This Sunday, millions will tune in to one of the most significant sporting events in the world and watch both the game and the ads.
The advertising but is the anomaly because, for the other 364 days of the year, people try their best to avoid ads.
That’s because the things they watch and look at have skip buttons and ad blockers, or if they are watching Netflix (as over 60 million Americans do), they have zero ads, and as founder Reed Hastings recently explained, they never will have.
“We want to be the safe respite where you can explore; you can get stimulated, have fun and enjoy – and have none of the controversy around exploiting users with advertising,”

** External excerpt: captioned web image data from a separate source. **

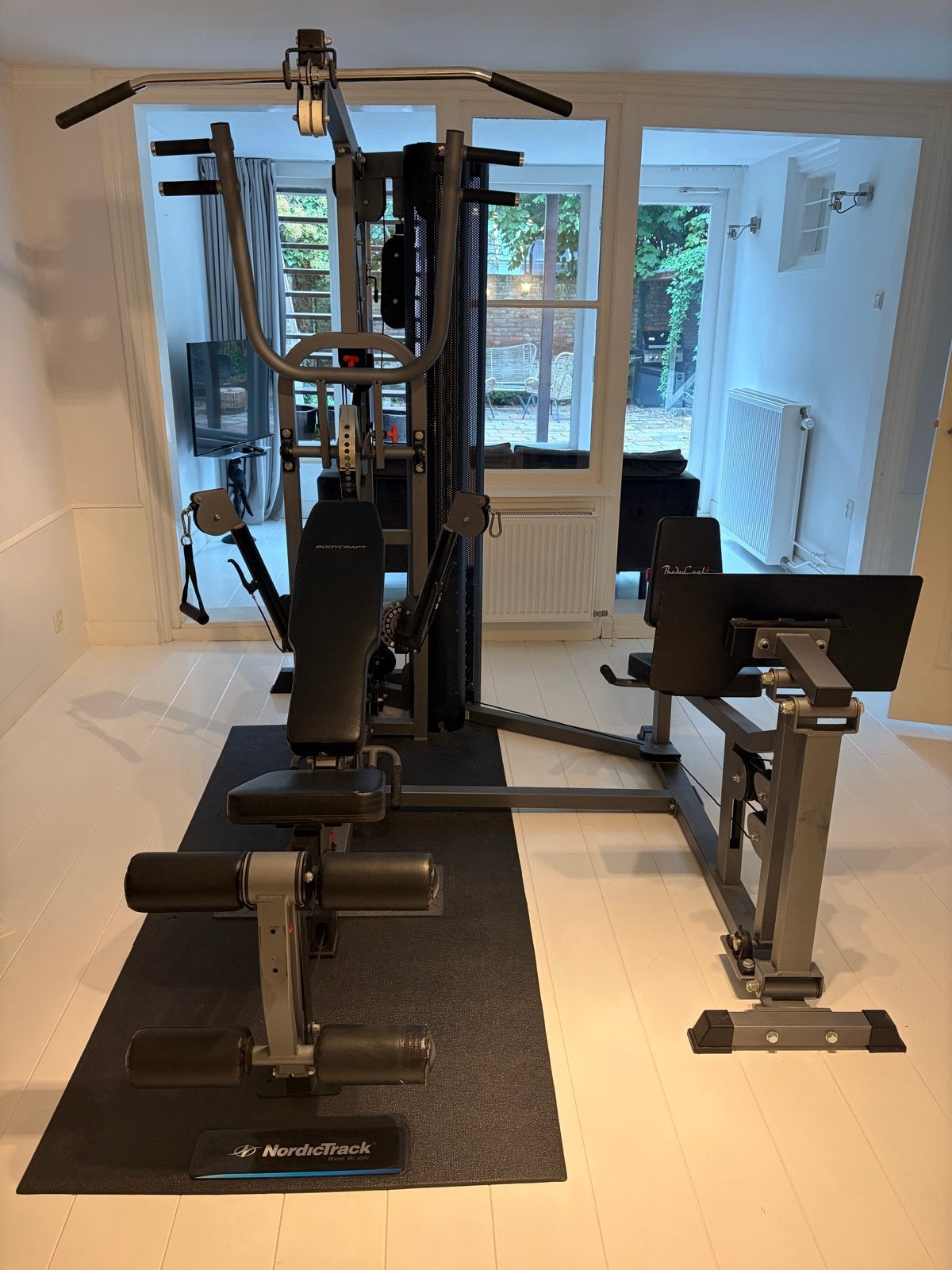K1 Krachtstation met leg press uitbreiding, Ophalen, Krachtstation, Benen, Zo goed als nieuw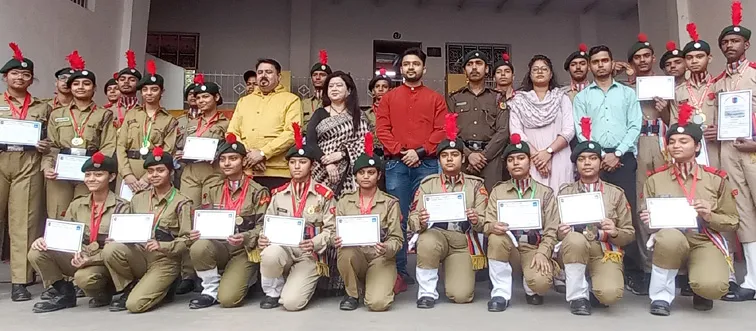फिरोजाबाद: स्वर्ण व रजत पदक प्राप्त करने वाले एनसीसी कैडेटस हुए सम्मानित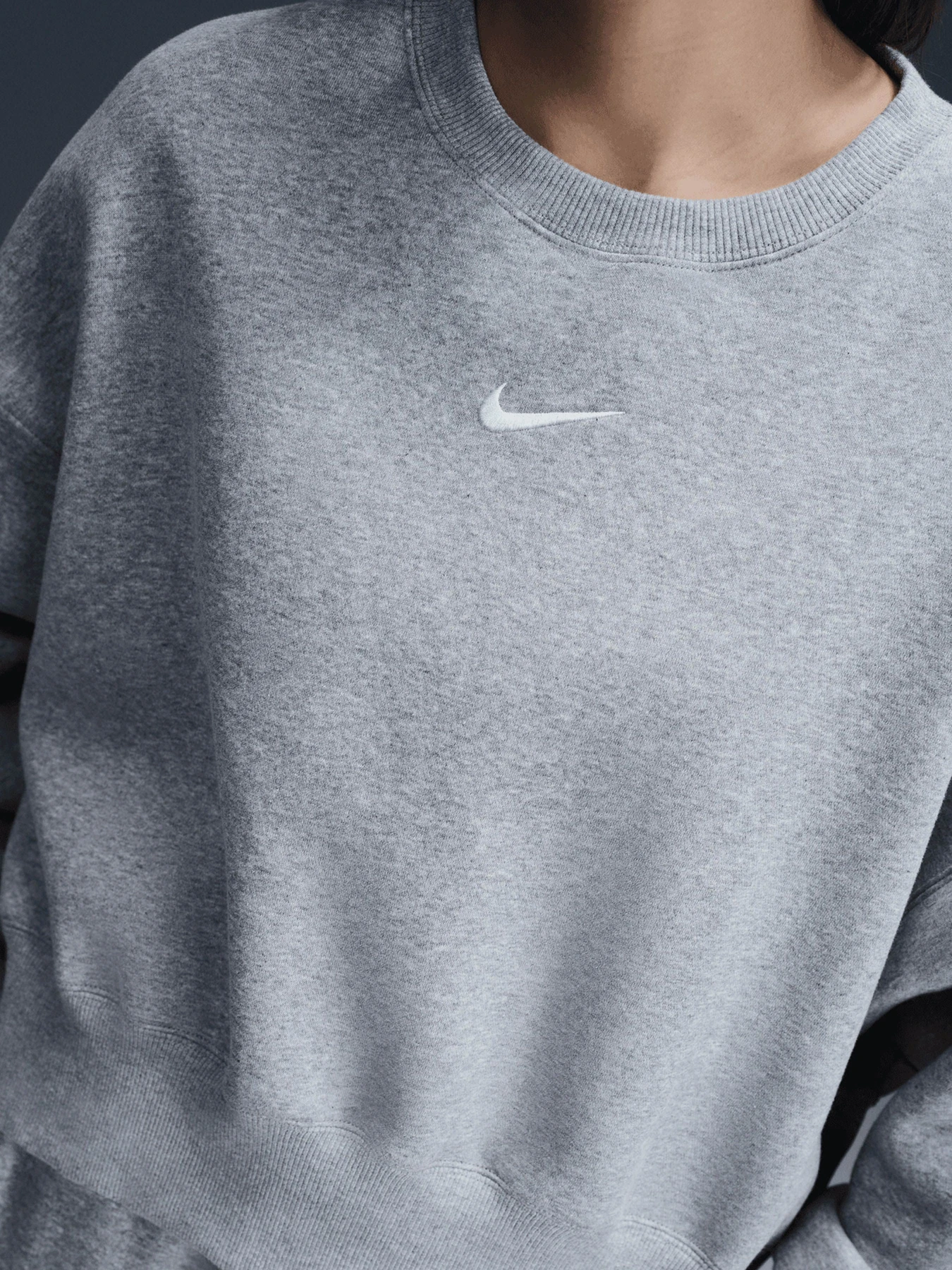 Худі та світшоти NIKE NSW PHNX OOS CREW модель DQ5761-063 Худі та світшоти NIKE NSW PHNX OOS CREW модель DQ5761-063 Фото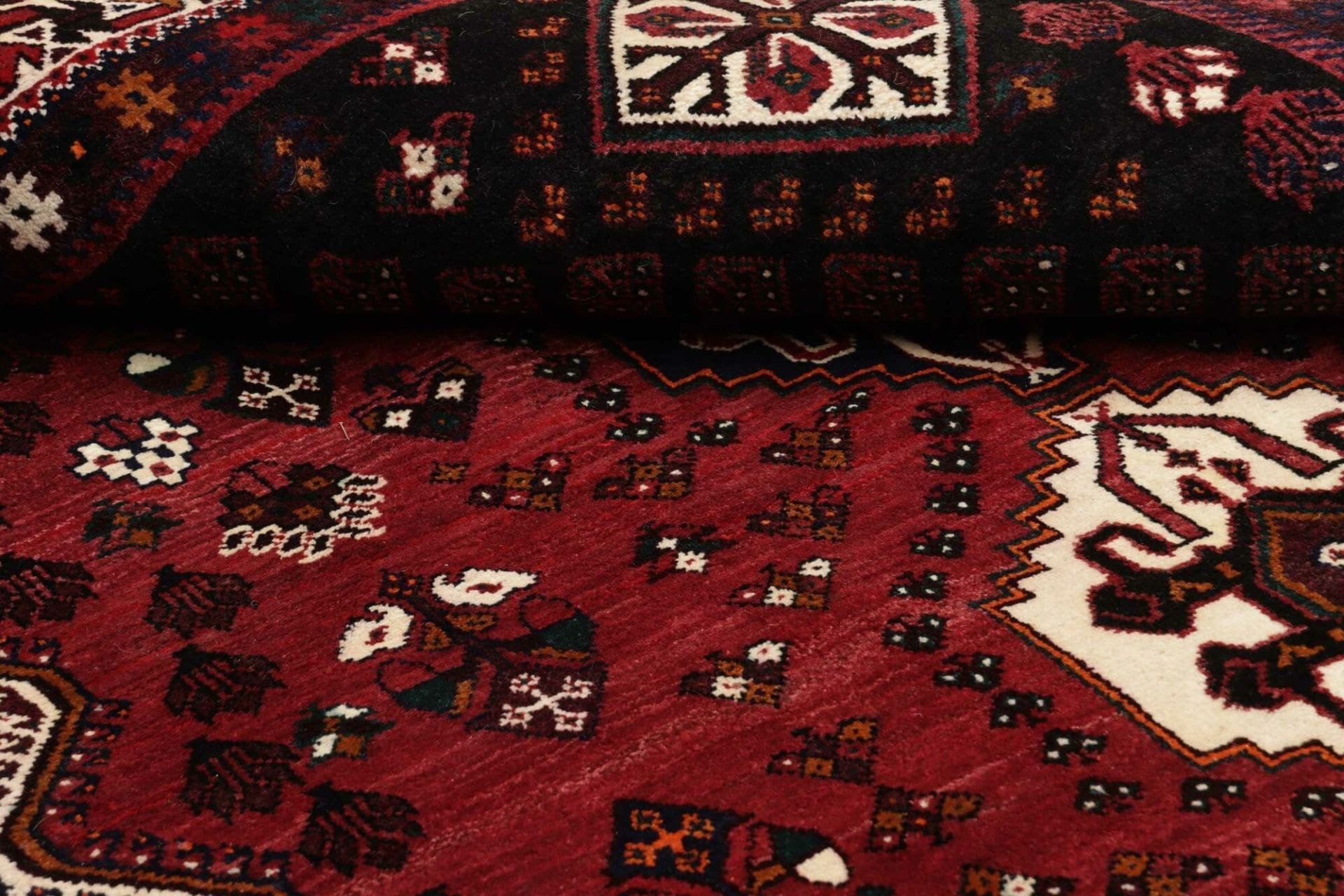 Shiraz Perserteppich 183 × 268 cm aus Wolle, handgeknüpft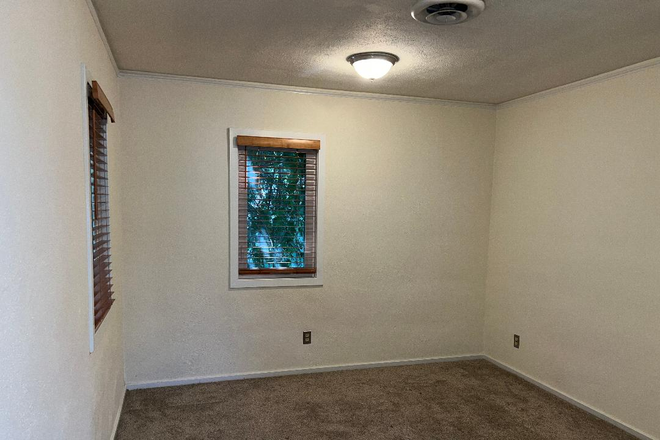 Bedroom, double closet and full bath - 1BR apt w/garage space-North Harrison St-Princeton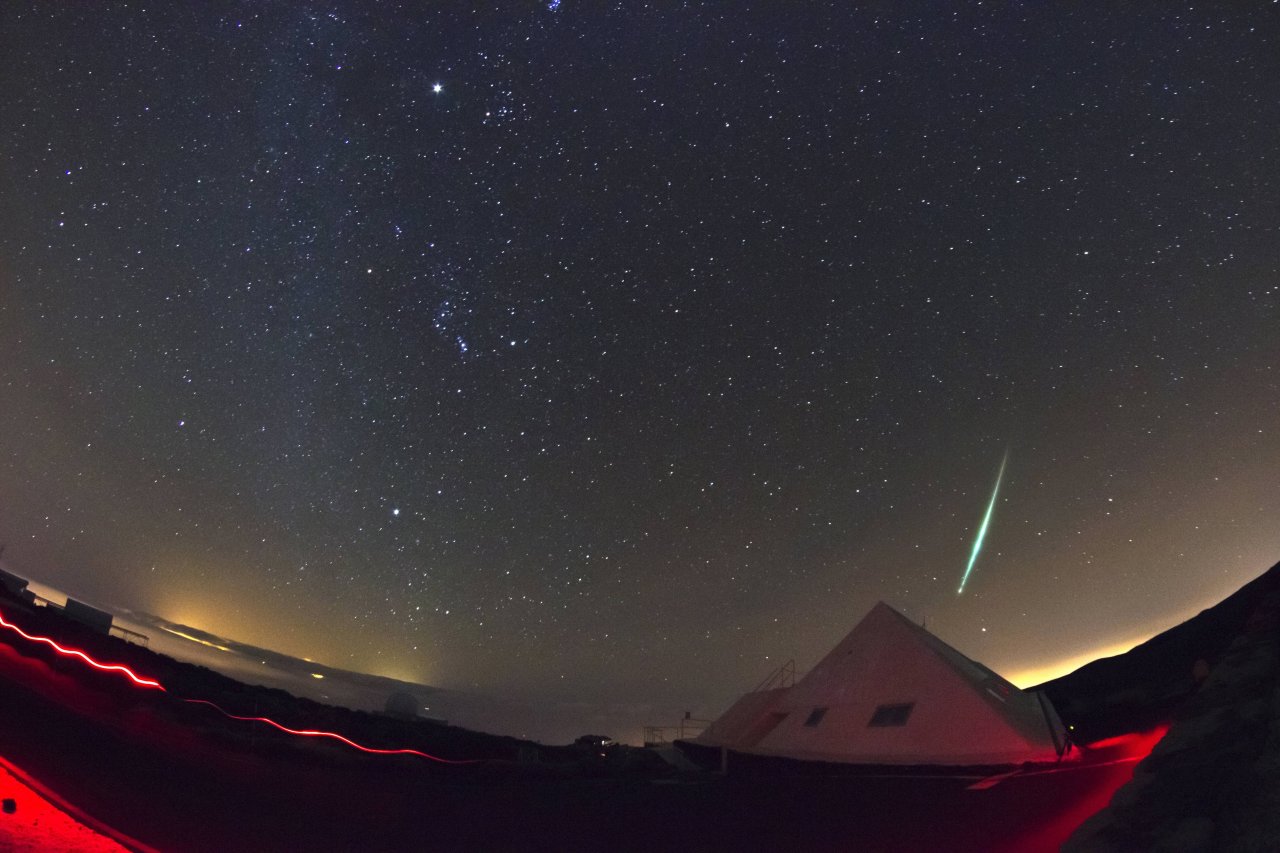 Ein Bolide ist eine besonders lichtintensive Sternschnuppe.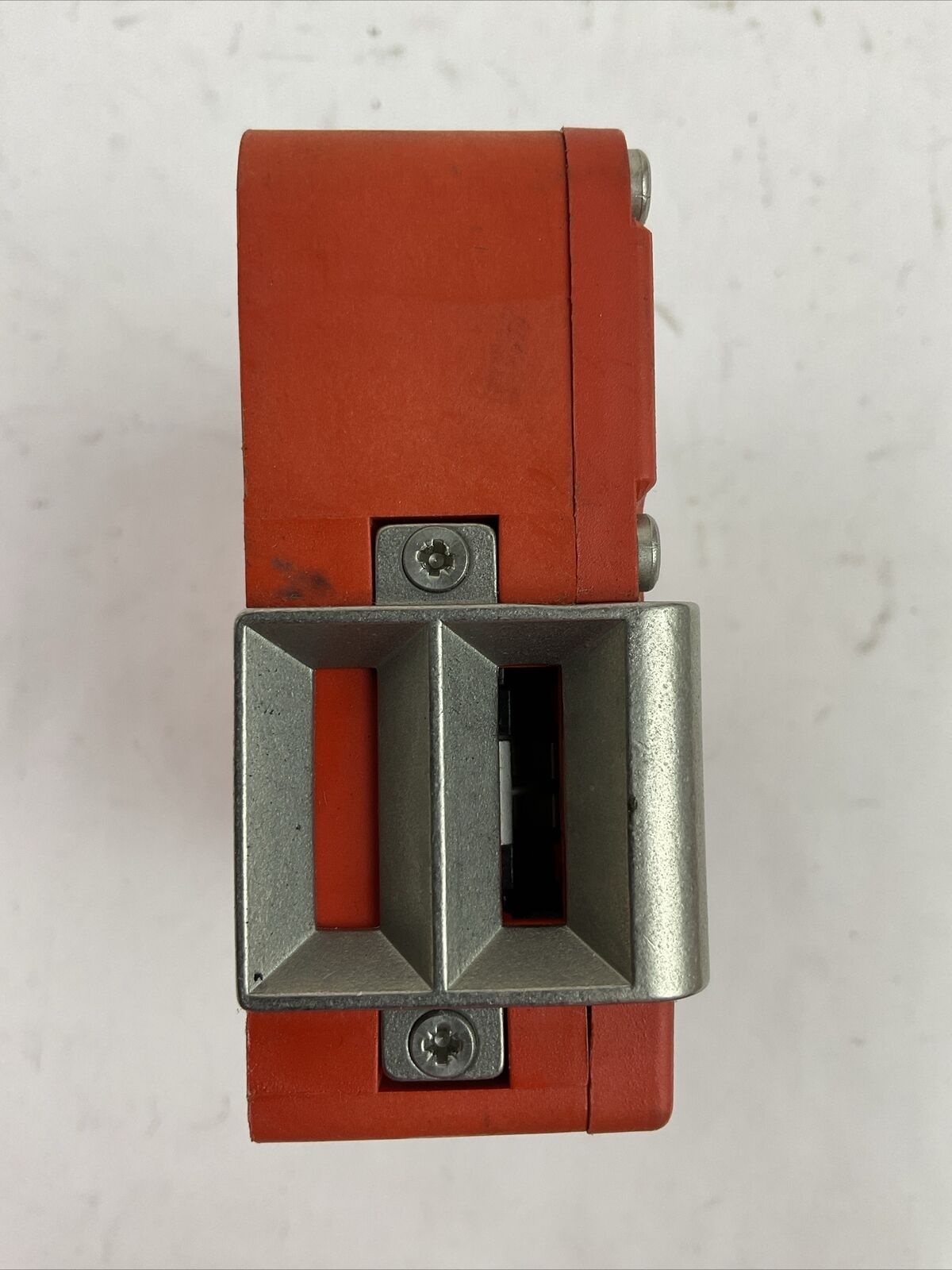 ALLEN BRADLEY 440G-T27177 E GUARD MASTER SAFETY INTERLOCK SWITCH 24V TLS2-GD2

Not so long ago, there was much less of a gap between the ads one could see on the Super Bowl and the advertisements on network and cable television, but that is no longer the case.
The most creative ads that ran outside of the Super Bowl were usually from brand campaigns that companies invested in to promote a new product or service or to change and shift perceptions. Apple’s Think Different being one of the most iconic examples.
Today, the brand campaign seems to have gone the way of the dodo or the last tree on Easter Island. Hard to find and practically extinct. In their place programmatic digital and the short-term one off-brand stunt.
The brand stunt appears to have replaced the brand campaign.
The leading proponent and practitioner being Burger King, who under the marketing leadership of Fernando Machado, has turned them into something that combines the best of art, science, and technology.
What makes Burger King unique and the leader in the new world of stunt/viral brand communication is the fact they have serialized it and turned it something that can impact brand perception in the long-term.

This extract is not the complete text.